We implemented a Transformer-based model using distilbert-base-uncased to leverage deep learning for text classification. This model was trained to classify transaction memos with contextual embeddings.

Training Configuration

The model was configured with the following hyperparameters:

  • Model Type: DistilBERT
  • Maximum Length: 128 tokens
  • Batch Size: 16
  • Learning Rate: 2e-5
  • Optimizer: AdamW
  • Scheduler: Linear schedule with a warmup ratio of 0.1
  • Gradient Clipping: Maximum value of 1.0
  • Epochs: 3

Model Performance

The Transformer model was evaluated on 9 transaction categories. After one epoch, it achieved:

  • Training Loss: 0.1361
  • Validation Loss: 0.0603
  • Validation Accuracy: 98.56%
  • Evaluation Time: 2 minutes and 43 seconds

While the Transformer model achieved high accuracy, it exhibited higher latency compared to simpler models, requiring longer processing times for both training and evaluation.

Predicting Cash Score

Methodology

Exploratory Data Analysis

Exploratory Data Analysis

We conducted an exploratory data analysis (EDA) to understand patterns in consumer spending, overdrafts, and transaction distributions. This helped us identify meaningful features for predicting credit risk.

  • Transaction Patterns: Identified differences in transaction behaviors between delinquent and non-delinquent consumers, such as frequency and types of purchases.
  • Seasonal Trends & Payday Effects: Examined how consumer spending fluctuates with seasonal trends, including holiday expenses and end-of-month payday spikes.
  • Income Estimation: Estimated consumer income based on recurring transactions such as payroll deposits, rent, and utility payments.
  • Impact of Fees & Overdrafts: Analyzed the effects of account fees, buy-now-pay-later (BNPL) transactions, and overdraft occurrences on overall financial stability.
Delinquency Percentage vs Credit Score
Figure: Delinquency Percentage vs Credit Score.
Comparing Delinquent and Non-Delinquent Consumers

Comparing Delinquent and Non-Delinquent Consumers

We analyzed balance trends over time to observe how cash flow differs between individuals who are delinquent and those who are not.

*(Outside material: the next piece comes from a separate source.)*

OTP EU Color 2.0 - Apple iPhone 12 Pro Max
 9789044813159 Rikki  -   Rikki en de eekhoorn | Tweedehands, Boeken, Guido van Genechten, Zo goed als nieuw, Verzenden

Our key findings highlight financial stability differences based on account balance trends.

  • Delinquent Consumers: Frequently experience negative balances, indicating financial instability and a higher risk of missing payments.
  • Non-Delinquent Consumers: Maintain relatively stable balances with fewer occurrences of overdrafts, suggesting better financial health.
  • Periodic Fluctuations: Balance trends exhibit cyclical patterns influenced by income deposits and spending habits.
Balance Trends for Delinquent Consumers
Figure: Balance trends over time for five randomly selected delinquent consumers. The plot illustrates fluctuations and frequent occurrences of negative balances, highlighting financial instability.
Balance for a Single Delinquent Consumer
Figure: Balance over time for a single delinquent consumer. This consumer frequently experiences negative balances, indicating financial distress and an increased risk of missing payments.
Feature Engineering

Feature Engineering

We engineered multiple features relevant to the prediction of delinquency, focusing on balance trends, transaction behaviors, and account types. These features help in assessing financial stability and predicting default risk.

  • Balance Features: Negative balance ratio, balance trends, payday effects.
  • Transaction-Based Features: Credit vs. debit transaction volume, category-based spending breakdown.
  • Temporal Features: Spending frequency over time, accounting for longevity effects.
  • Account Types: Features based on the types of accounts a consumer has.
  • Overdraft Frequency: The number of times a consumer overdrafted in the past 6 months.
  • Spending Volatility: Standard deviation of monthly expenditures.
  • Recurring Payments: Identifying transactions like rent, utilities, and subscriptions.
Spending Balance Ratio
Figure: Spending balance ratio feature created to measure how much consumers spend relative to their balance. This helps assess financial stability and risk of delinquency.
Standardized Credit and Balance
Figure: Feature engineering step where credit and balance were standardized to allow for easier model interpretability and comparisons across different financial profiles.
Feature Importance

Feature Importance

Top predictive features for different models:

Feature Importance using Shap Values
Figure: Feature Importance using SHAP Values.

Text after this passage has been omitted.